A molecule is made up of atoms that are bonded together by covalent bonds.  These bonds undergo a to and fro movement to vibrate.  The vibrational frequency of a bond is given by the expression shown below.

    $v=\frac{1}{2\text{πc}}\sqrt{\frac{k_f}{\mu }}$

Answer to Problem 7E.6P

The table for the force constant of the bond is shown below.

Molecule	${}^1{\text{H}}^{35}\text{Cl}$	${}^1{\text{H}}^{81}\text{Br}$	${}^1{\text{H}}^{127}\text{I}$	${}^{12}{\text{C}}^{16}\text{O}$	${}^{14}{\text{N}}^{16}\text{O}$
Force constant $\left(\text{kg}{\text{s}}^{-2}\right)$	$512.1262$	$408.7319$	$311.9602$	$1902.6209$	$1380.2479$

The arrangement of given molecules in increasing order of their stiffness is shown below.

    ${}^1{\text{H}}^{127}\text{I}{<}^1{\text{H}}^{81}\text{Br}{<}^1{\text{H}}^{35}\text{Cl}{<}^{14}{\text{N}}^{16}\text{O}{<}^{12}{\text{C}}^{16}\text{O}$

Explanation of Solution

The Data table for the wavenumber number of the molecules is shown below.

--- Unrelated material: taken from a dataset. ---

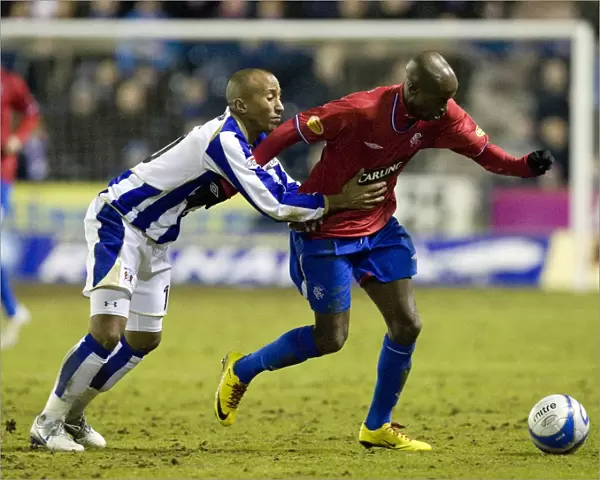 Rangers DaMarcus Beasley Scores the Second Goal Against Kilmarnock at Rugby Park (0-2)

Molecule	${}^1{\text{H}}^{35}\text{Cl}$	${}^1{\text{H}}^{81}\text{Br}$	${}^1{\text{H}}^{127}\text{I}$	${}^{12}{\text{C}}^{16}\text{O}$	${}^{14}{\text{N}}^{16}\text{O}$
Wavenumber $({\text{cm}}^{-1})$	$2990$	$2650$	$2310$	$2170$	$1904$

The mass of hydrogen atom is $1\text{u}$.

The mass of hydrogen atom in $\text{kg}$ is converted as shown below.

    $\begin{array}{c}{m}_{\text{H}}=\left(1\text{u}\right)\left(\frac{1.66054\times {10}^{-27}\text{kg}}{1\text{u}}\right)\\ =1.66054\times {10}^{-27}\text{kg}\end{array}$

The mass of chlorine atom is $35\text{u}$.

The mass of chlorine atom in $\text{kg}$ is converted as shown below.

    $\begin{array}{c}{m}_{\text{Cl}}=\left(35\text{u}\right)\left(\frac{1.66054\times {10}^{-27}\text{kg}}{1\text{u}}\right)\\ =58.1189\times {10}^{-27}\text{kg}\end{array}$

The mass of bromine atom is $81\text{u}$.

The mass of bromine atom in $\text{kg}$ is converted as shown below.

    $\begin{array}{c}{m}_{\text{Br}}=\left(81\text{u}\right)\left(\frac{1.66054\times {10}^{-27}\text{kg}}{1\text{u}}\right)\\ =134.50374\times {10}^{-27}\text{kg}\end{array}$

The mass of iodine atom is $127\text{u}$.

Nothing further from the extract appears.